All yesterday morning the birds
were dancing around the Dominican
orchard, singing through crabapples,
just on the far side of my place.
You live on the close side, north-
west, but never too close. Dance
with me in the fallen monks' fruit;
alive like sparrows, and the blue-
yellow birds the perverse Anglais
call tits. We'll mock the Blackfriars,
steal bougies at Notre Dame, and
pelt the Virgin of Guadalupe
right in the watermelon: hail
Mary with them, true right
to the touchdown line.

But they hail Mary when
there's no hope left.

I want to share a pulpy past,
a seven-year-old's crabapples.
And the tangy, fibrous
future with you.

MONOPOLY COFFEE SHOP

Ten years since I saw your brown hair
last, at the interview I thought I flubbed.
You were through the thick glass of
the Monopoly Coffee Shop, grey
March afternooning with your cousin.

Of course it was I who recognized,
long after last repeating your name
with my lower brain. Your jaw
fell a sycamore's mace: Him, did I
once see a leer through his phone voice?

We traded you look goods but you were
shorter, more righteous, leaving for
an arid seminary to study the obscure
ancient art of not loving.
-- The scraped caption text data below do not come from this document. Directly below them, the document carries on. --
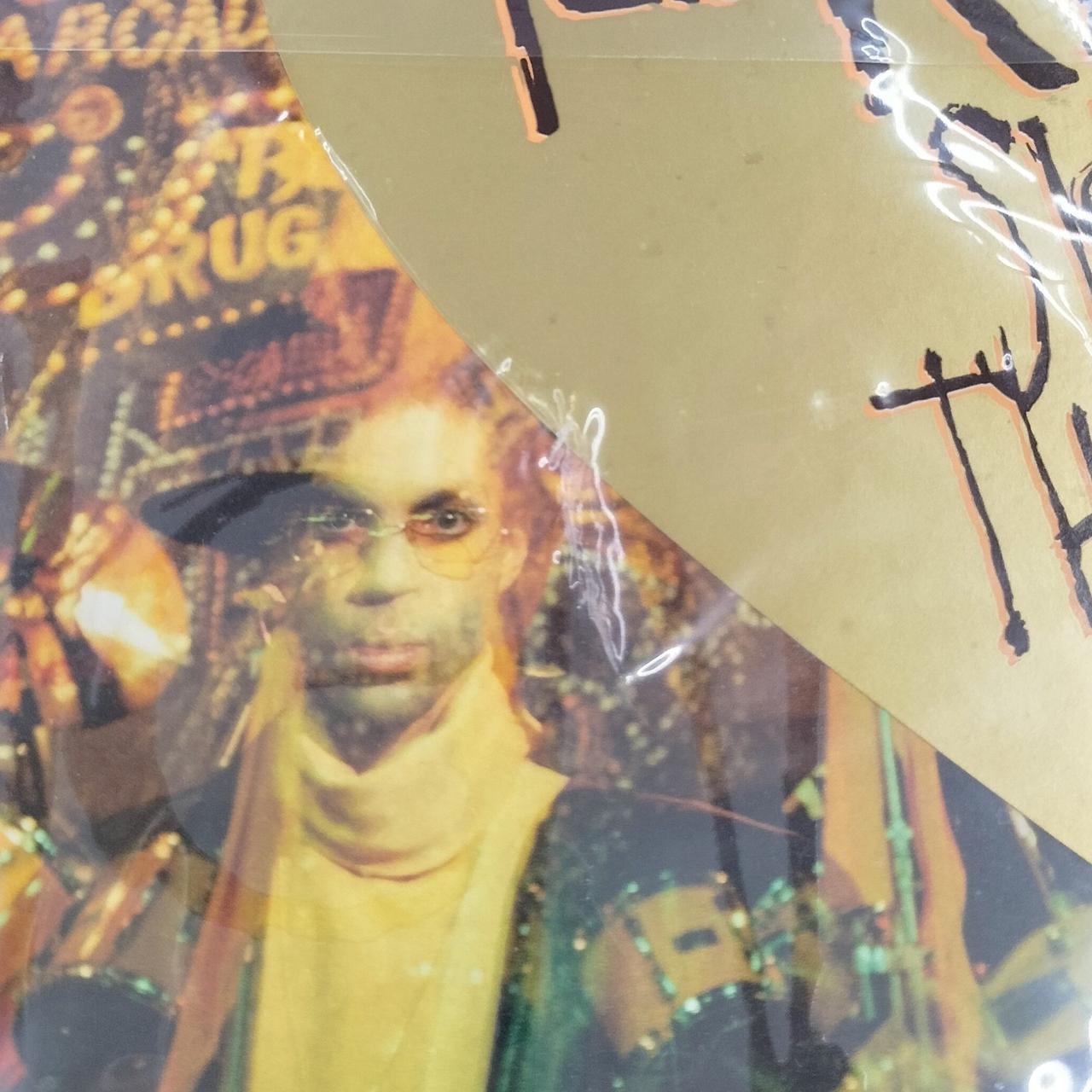 外袋にキズあります。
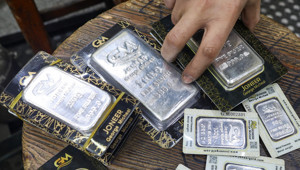 Gümüşte yön yukarı: 60 doları gördü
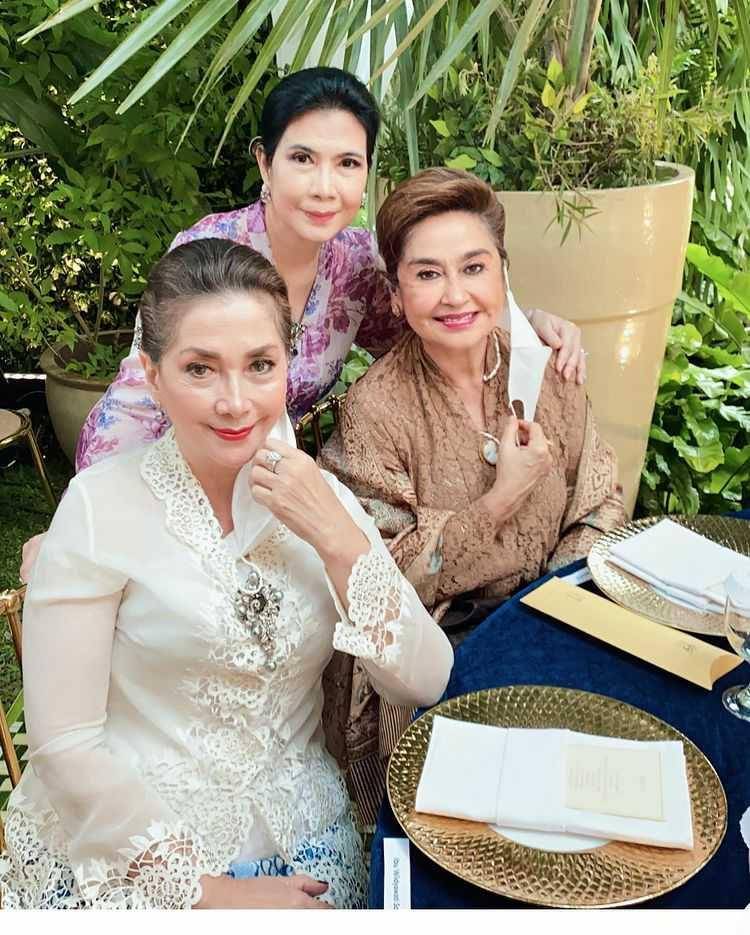 Rafika Duri bersama teman-teman (instagram.com/rafikaduri)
Your breasts,
once famous pears, had shrunk a decade.

The anonymous note, yes, that was mine,
N. helped me write the willow-tree poem.
In Israel there will be few orchards.
I did not ask for your overseas number,
happy to see your tongue if only once.

WORLD'S LARGEST CABBAGE MOTH COLLECTION
for Vladimir Nabokov

Once engrossed he picked a flower,
was hound-and-foxed through the rest of childhood,
trapped by bigger boys more white than his mute skin:
netted by hands, pinned against brick schoolyard walls.
Still when they danced the flick knife on his neck
as if to prick and suck the life out
there was always something
desperate, fluttering in their eyes.
They too needed him,
and he held on to this,
even in February when they packed
fairy-tale white snow into his underpants.
Now his vengeance is clinical, Roman:
he pins to pleasant-smelling wood cases
the formalin-soaked specimens
of the world's largest cabbage moth collection.

LETHE

After his futile CPR
I thought nothing enough.
Even hard to eat shivah veal
some neighbour kindly prepared.

Instead: in my hands
I find your gifts, a rain,
it reminds me there was
some use, loving my brother.

And reading in
your young paper eyes
(never twice the same
colour) a cherry-tea memory

of a past boy,
I want even more
to embrace you. Not to stop
you running but the Lethe.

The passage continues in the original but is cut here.